### Data excerpt
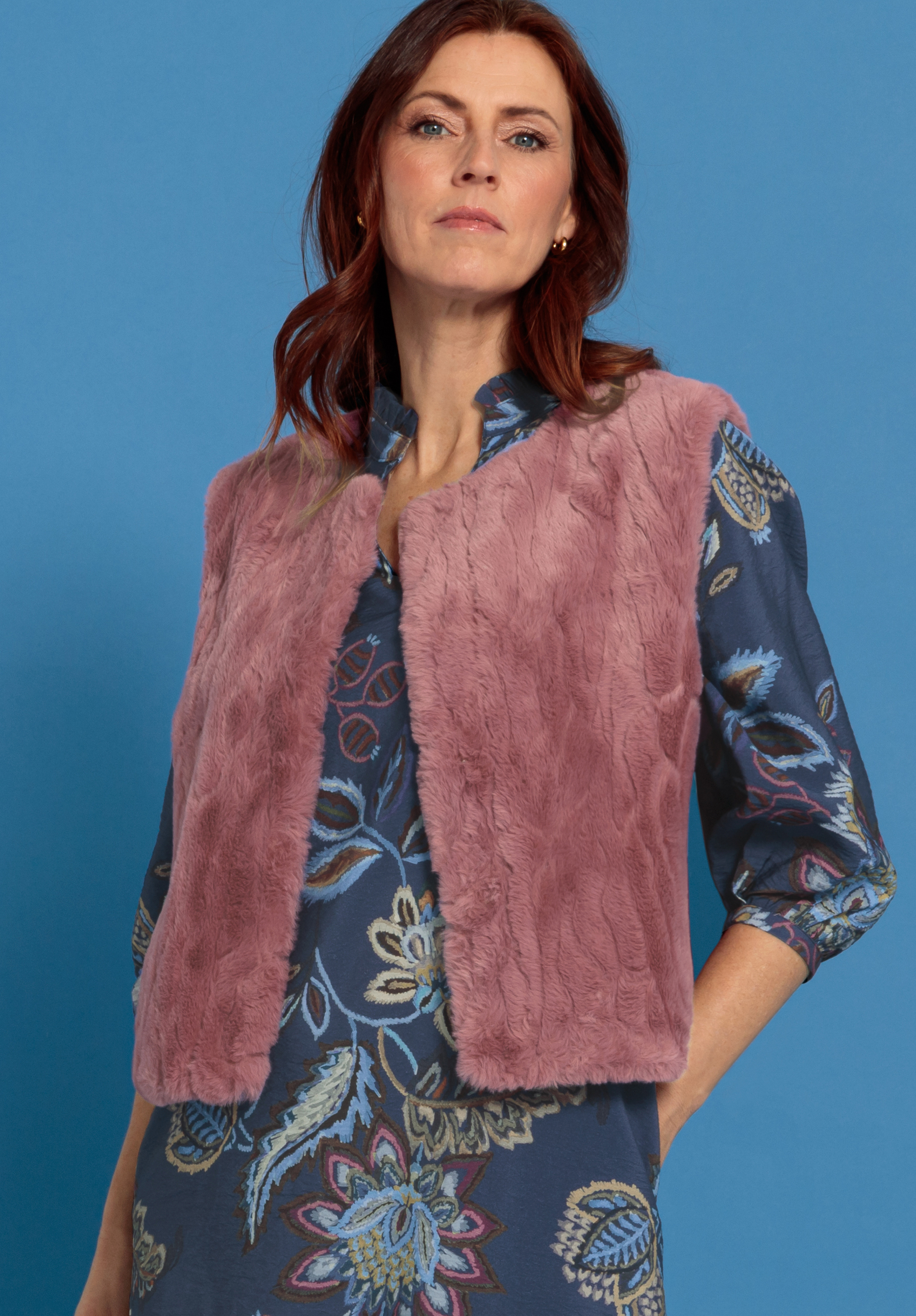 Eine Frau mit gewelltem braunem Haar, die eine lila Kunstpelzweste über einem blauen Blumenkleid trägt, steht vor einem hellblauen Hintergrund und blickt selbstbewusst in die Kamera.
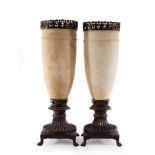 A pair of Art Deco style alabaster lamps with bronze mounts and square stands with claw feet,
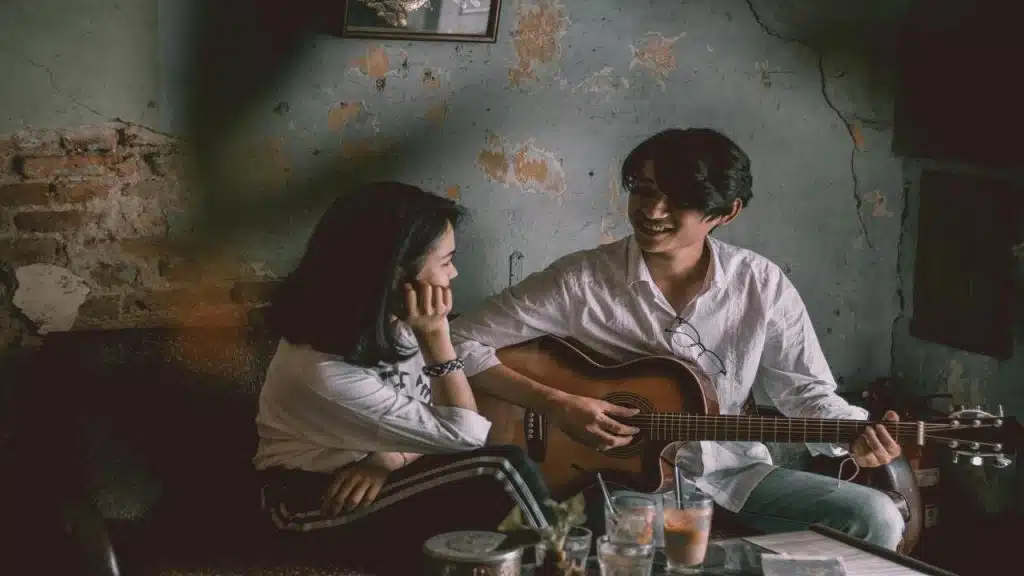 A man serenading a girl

### What you will do
Output the whole of the data, unchanged; keep the pictures out.

### Reply
 Eine Frau mit gewelltem braunem Haar, die eine lila Kunstpelzweste über einem blauen Blumenkleid trägt, steht vor einem hellblauen Hintergrund und blickt selbstbewusst in die Kamera.
 A pair of Art Deco style alabaster lamps with bronze mounts and square stands with claw feet,
 A man serenading a girl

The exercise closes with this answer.